***** DATASET SECTION *****

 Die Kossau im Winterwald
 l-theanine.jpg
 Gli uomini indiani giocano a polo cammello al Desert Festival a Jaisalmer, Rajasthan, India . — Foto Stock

*****

**REQUIRED WORK:** Return all the lines shown above, word for word.

**FINAL ANSWER:**
 Die Kossau im Winterwald
 l-theanine.jpg
 Gli uomini indiani giocano a polo cammello al Desert Festival a Jaisalmer, Rajasthan, India . — Foto Stock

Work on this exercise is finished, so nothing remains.